The Ragsdale Lair: Organizing an Artist


As one of the most well-known and capable painters Indianapolis has to offer, Kyle Ragsdale is a busy man. Not only does he create work for his own shows, he is exceptionally interested in the theater, for which he creates set designs and makes posters. However, all this activity doesn’t leave much time for organization, which is why he has appointed me to organize his studio at the Harrison Center. If you’ve ever visited the studio, on a First Friday or otherwise, you’ve seen the intriguing, chaotic lair in which Ragsdale does the majority of his work. Bit by bit, section by section, I’m going through clearing out trash, filing away papers, cleaning paint brushes, and boxing up supplies while simultaneously trying to retain the magic and mystery that exists there. Every corner, case, and crevice yields up new treasures that hint at where the inspiration behind the surrounding paintings comes from.
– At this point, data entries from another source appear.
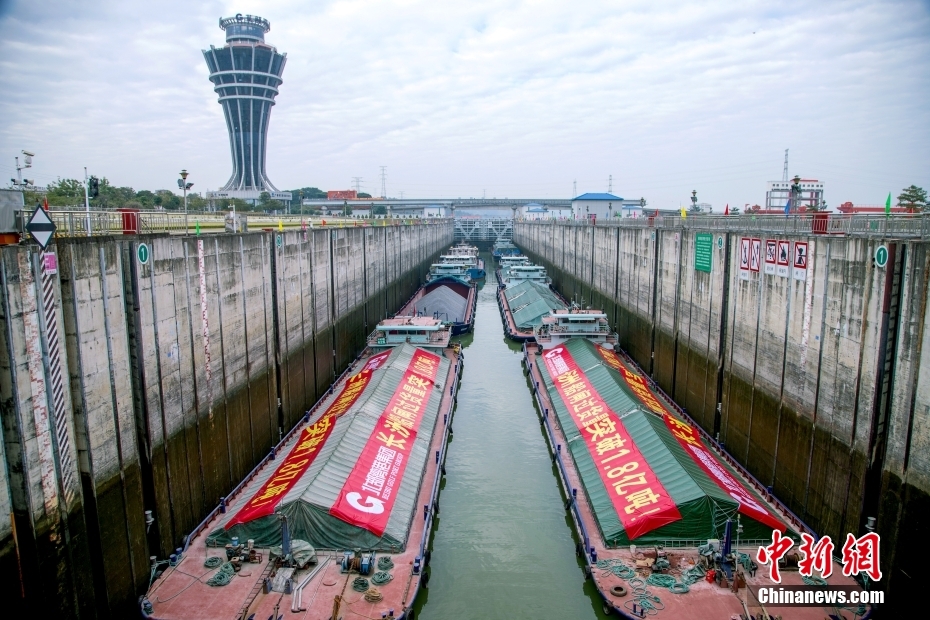 長洲水門の年間貨物通過量が1億8000万トンを突破　広西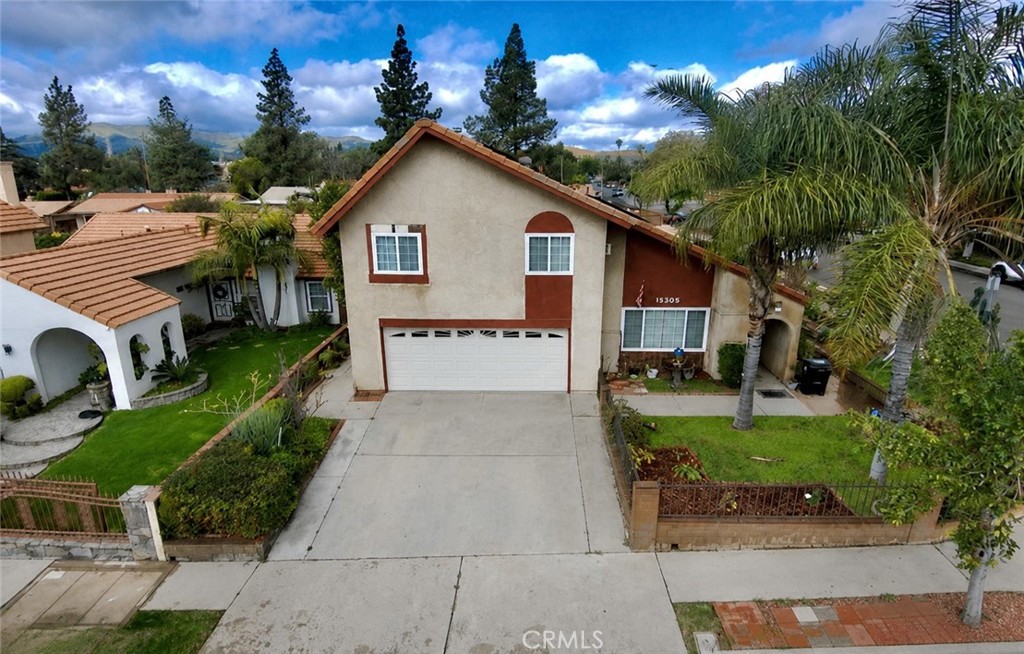15305 La Valle Property Photo 1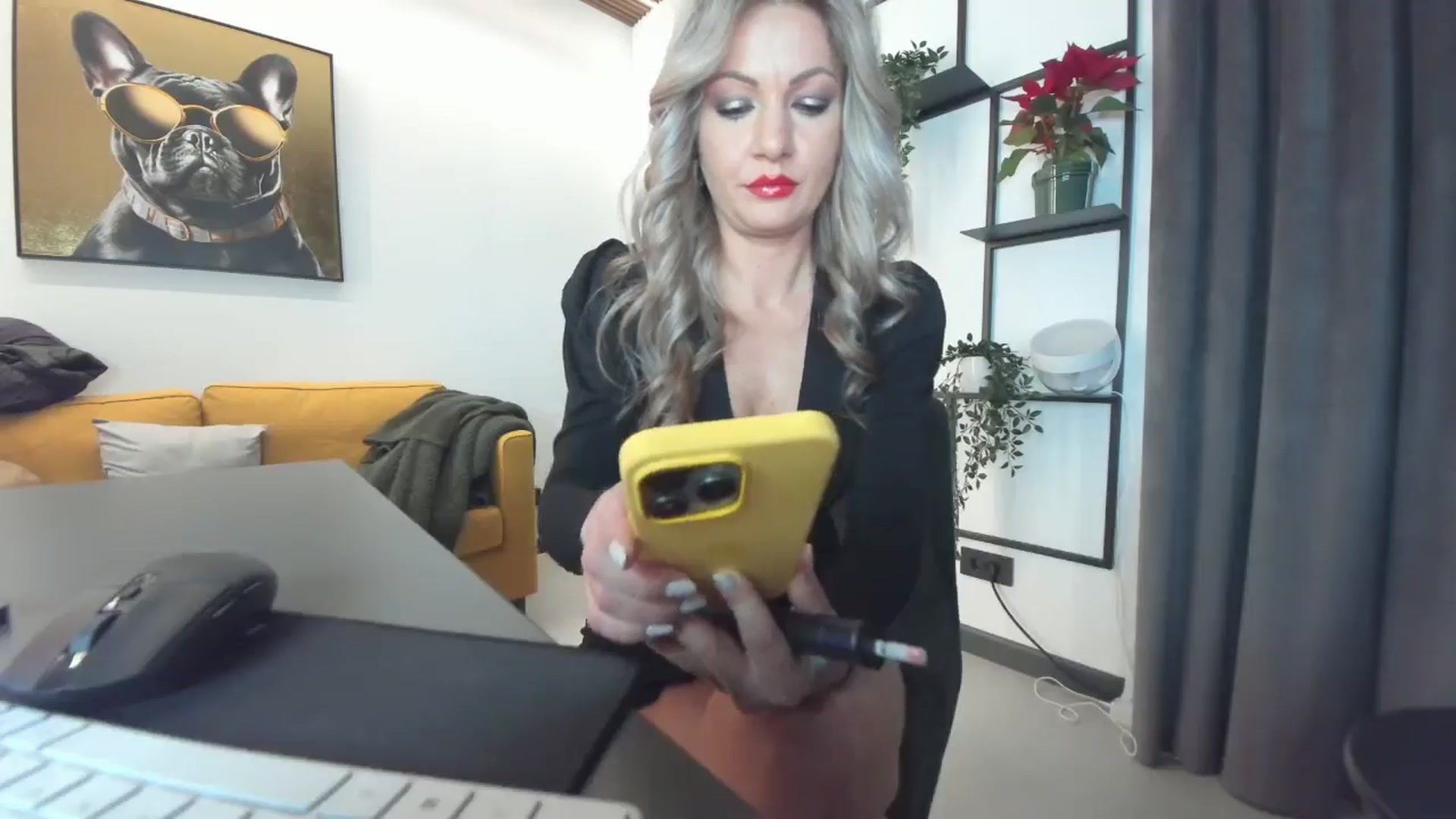 Gallery image thumbnail from L_y_d's myfreecams stream on, 01/25/2025, 14:12 image 3 of 20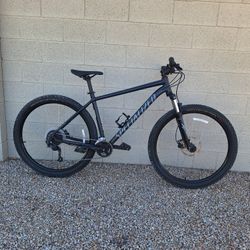 SPECIALIZED ROCKHOPPER SPORT 29 ER MOUNTAIN BIKE LIKE NEW ( CHECK MY OTHER BIKES)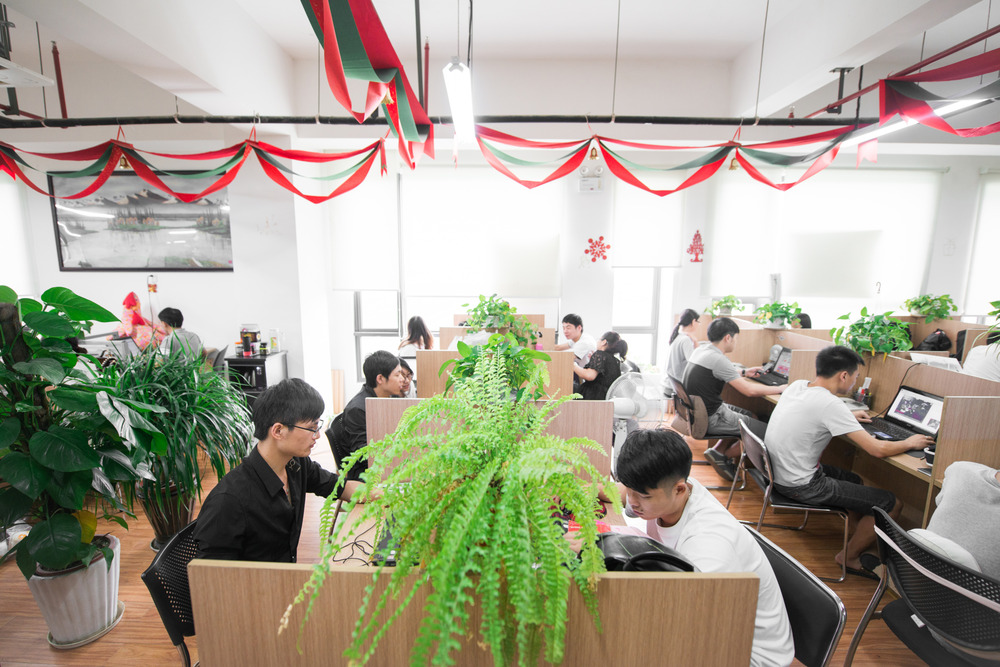 给创业者发千问办公Token卡，杭州可太会了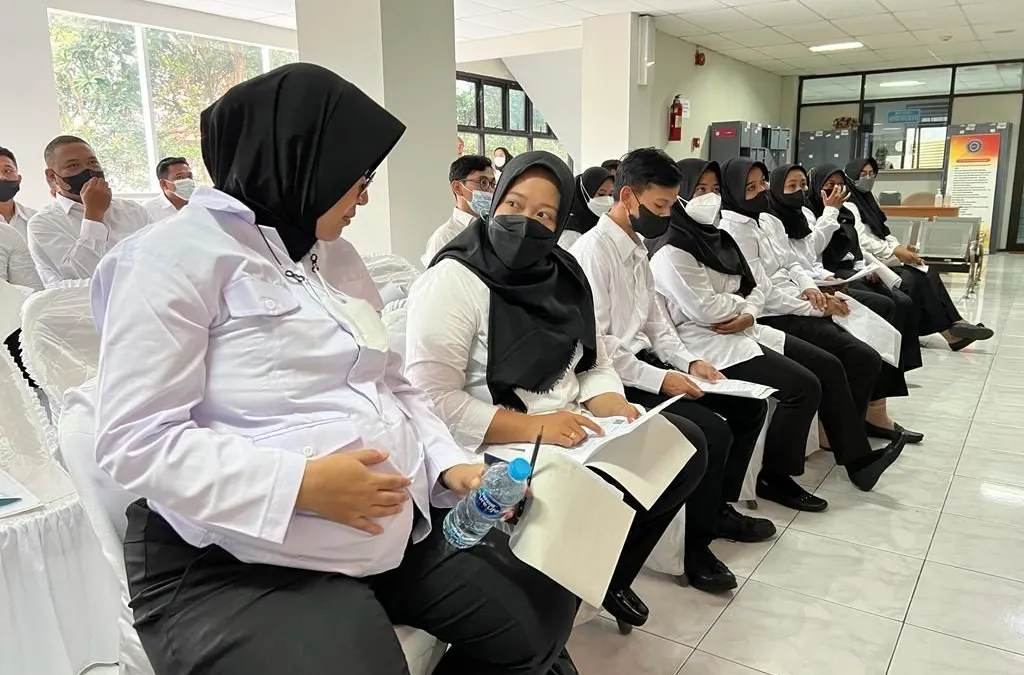 Kini saatnya bagi peserta untuk menunggu hasil seleksi administrasi PPPK 2024 yang akan diumumkan pada 10 Oktober 2024 - 1 November 2024.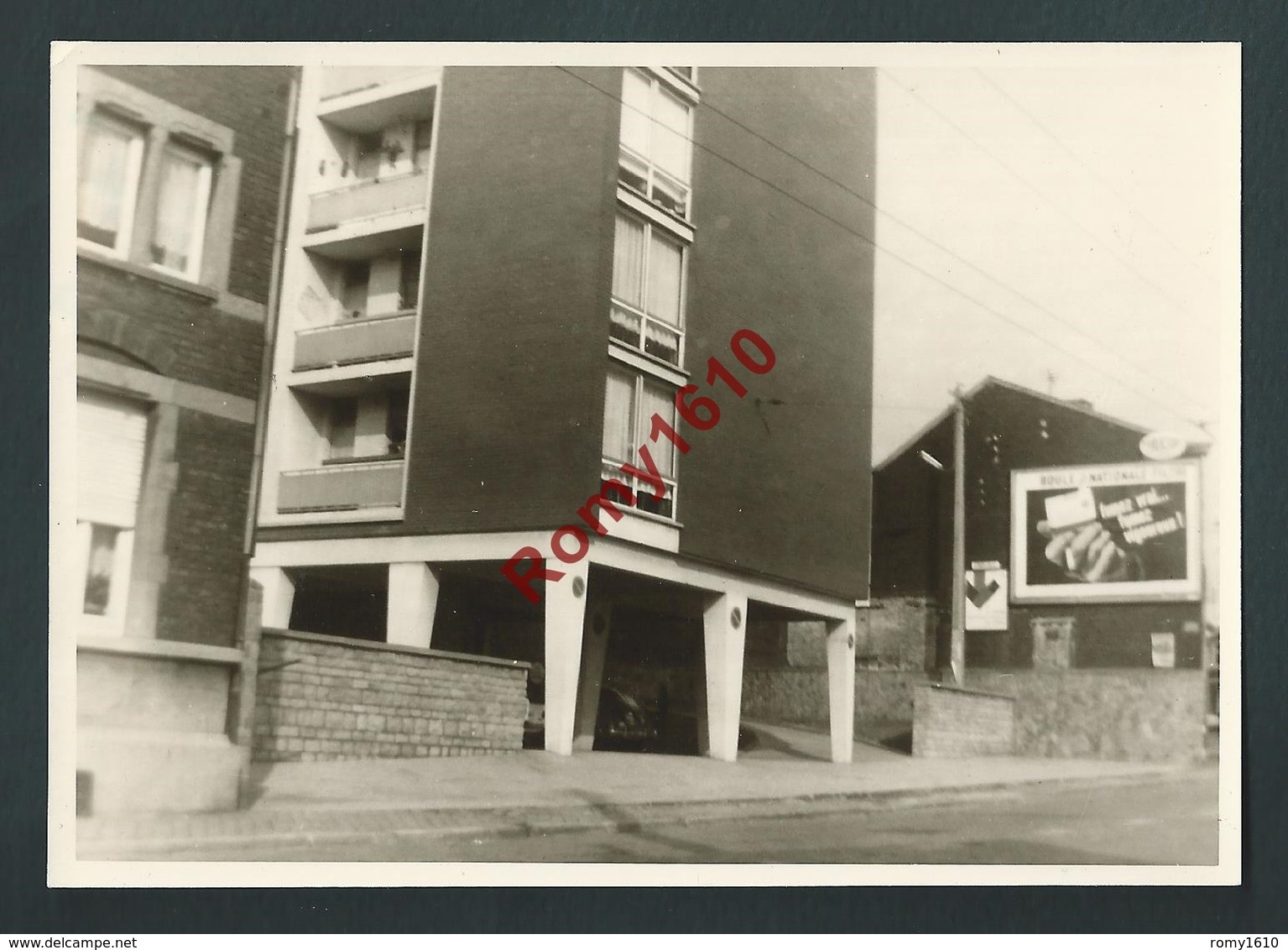 PHOTO Prise Le 21.9.1965 - Grivegnée, Rue Bonne Femme. Panneau Publicitaire - Beyne-Heusay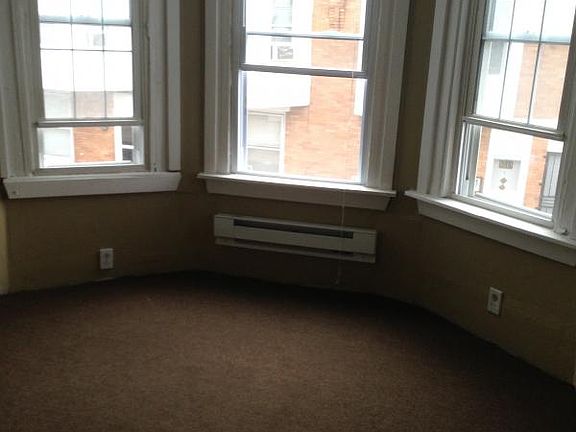 4th image of 3426 Keim St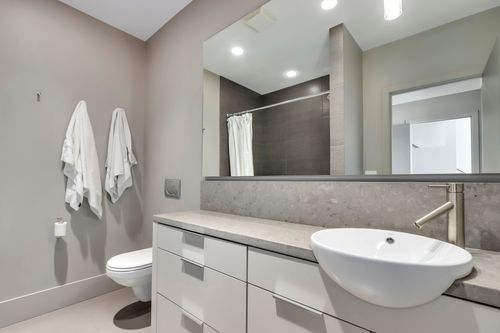 27 at 4817 Strathcona Road, Deep Cove, North Vancouver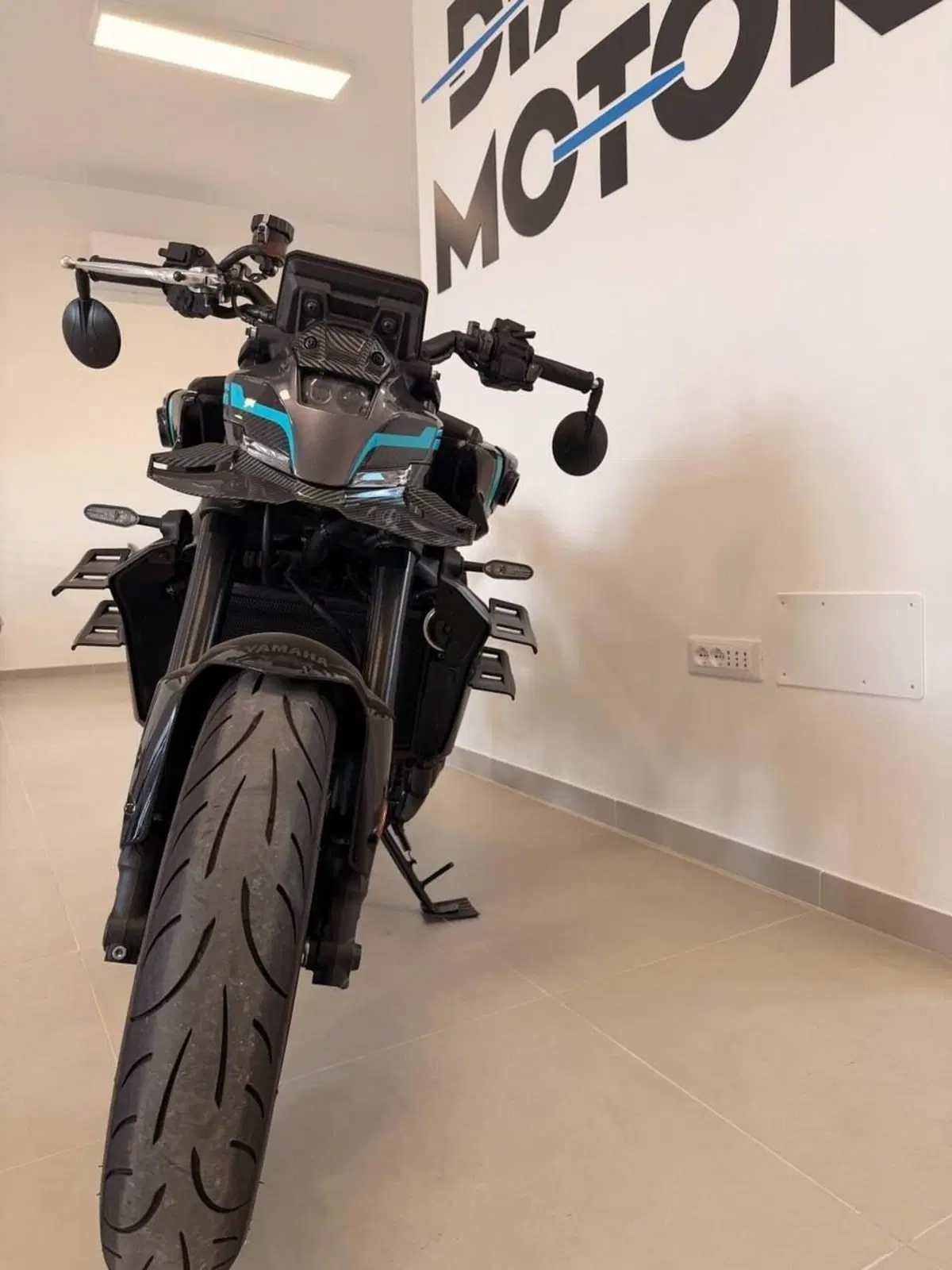 Yamaha MT-09 Y-AMT (2024 - 26) (11)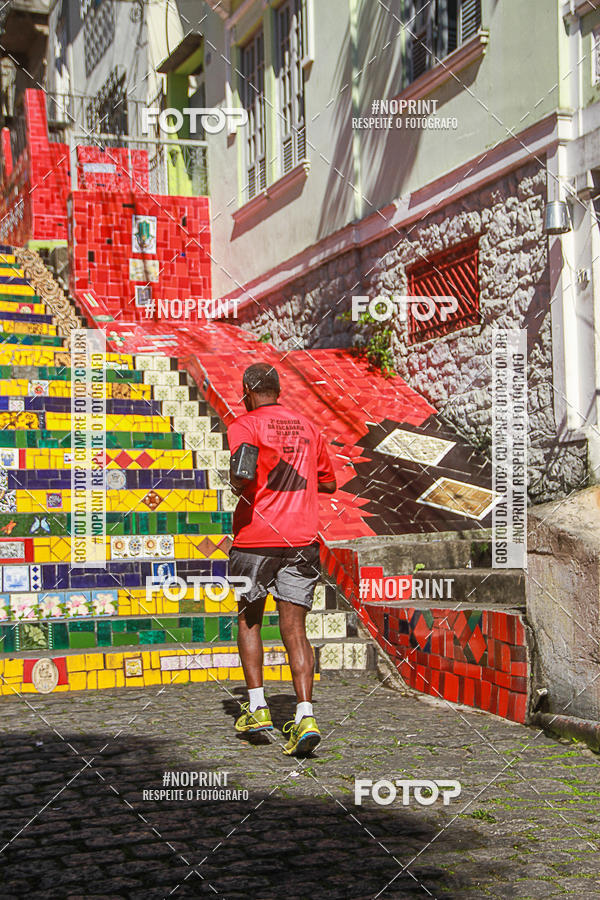 Compre suas fotos do evento4 Treino da Escadaria de Selaron e 4 Corrida KIDS no Fotop
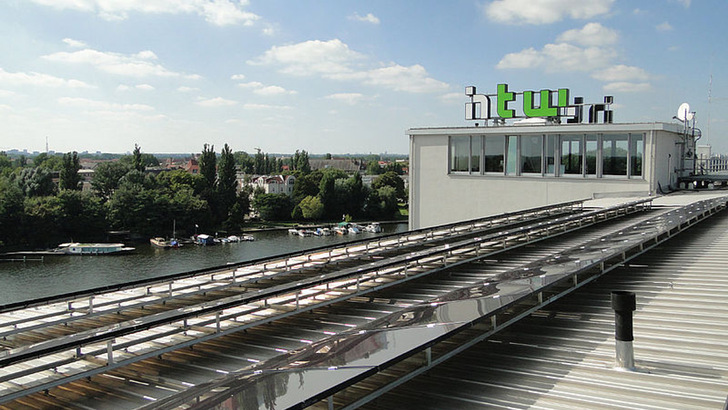 Zur bestehenden Photovoltaikanlage kommen jetzt noch zwei weitere Solargeneratoren hinzu. - © HTW Berlin
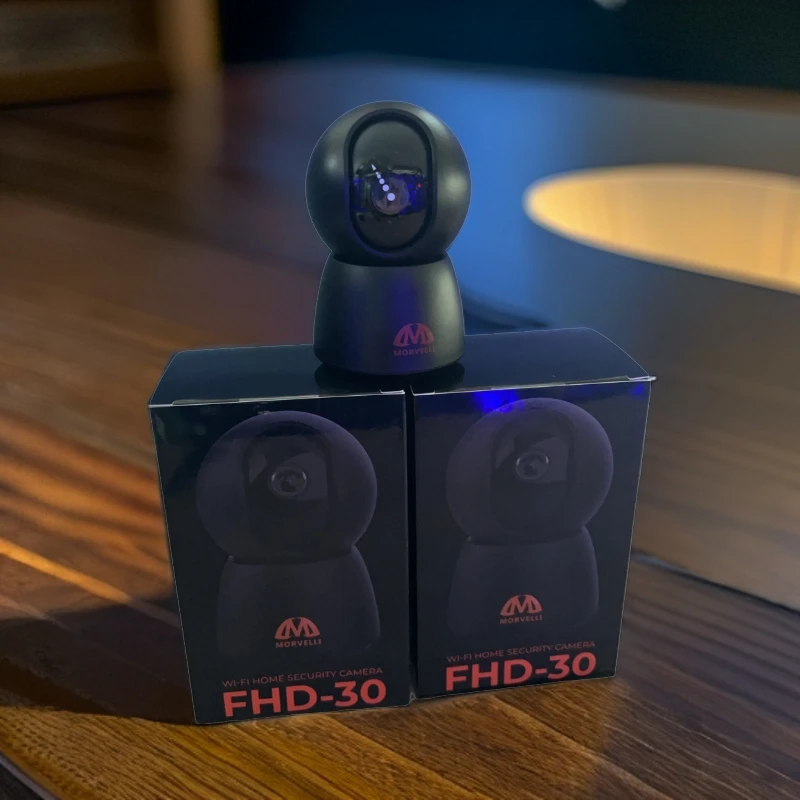 未使用  家用高清网络2.4G摇头摄像头双向语音对讲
The studio is a bit like a grand canyon; the layers of items represent different time periods. On top are images Ragsdale is currently working from, tubes of paint he is still using, books he is reading, and new canvases waiting to be unboxed. Going a little deeper you uncover whole paintings and drawings from recent years that still have memories of events and eras attached to them. My favorite, though, has been the innermost sanctum of the room where the oldest works and wonders are found. One drawing rack in particular contains pieces that are barely recognizable as kin to the ones that hide them. This is where the evolution of the work is so easily traceable; and this is what makes the job so fascinating. The comparison of old and new, the correlation between years, the paralleling of styles. Maybe this concept has no practical application other than amusement or reminiscence. And maybe not everyone wants to keep everything they create. But it does encourage one, artist or not, to keep a few mementos to uncover at a future date.